Your task: Using only the records, tally the lines with "white" in them and state that total by itself.

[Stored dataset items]
■ ■ ■ ■ ■ ■ ■

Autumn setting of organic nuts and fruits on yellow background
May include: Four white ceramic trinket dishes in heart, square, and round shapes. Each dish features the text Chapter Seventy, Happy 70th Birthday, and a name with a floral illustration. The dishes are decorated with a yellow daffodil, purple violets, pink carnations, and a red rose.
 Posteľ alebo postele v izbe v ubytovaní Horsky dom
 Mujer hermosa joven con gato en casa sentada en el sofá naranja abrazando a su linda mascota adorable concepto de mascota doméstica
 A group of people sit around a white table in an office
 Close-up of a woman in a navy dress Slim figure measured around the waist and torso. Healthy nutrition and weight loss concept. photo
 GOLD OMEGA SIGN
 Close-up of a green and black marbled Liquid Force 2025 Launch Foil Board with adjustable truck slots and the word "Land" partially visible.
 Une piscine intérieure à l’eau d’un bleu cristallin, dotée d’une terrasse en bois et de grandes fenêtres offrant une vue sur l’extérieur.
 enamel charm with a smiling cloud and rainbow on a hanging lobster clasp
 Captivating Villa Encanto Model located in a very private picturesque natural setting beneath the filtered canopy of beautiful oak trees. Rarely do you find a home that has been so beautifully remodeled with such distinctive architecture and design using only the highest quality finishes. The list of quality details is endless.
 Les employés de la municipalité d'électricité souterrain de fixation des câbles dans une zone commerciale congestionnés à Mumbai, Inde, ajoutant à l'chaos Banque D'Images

■ ■ ■ ■ ■ ■ ■

Response to this task: 2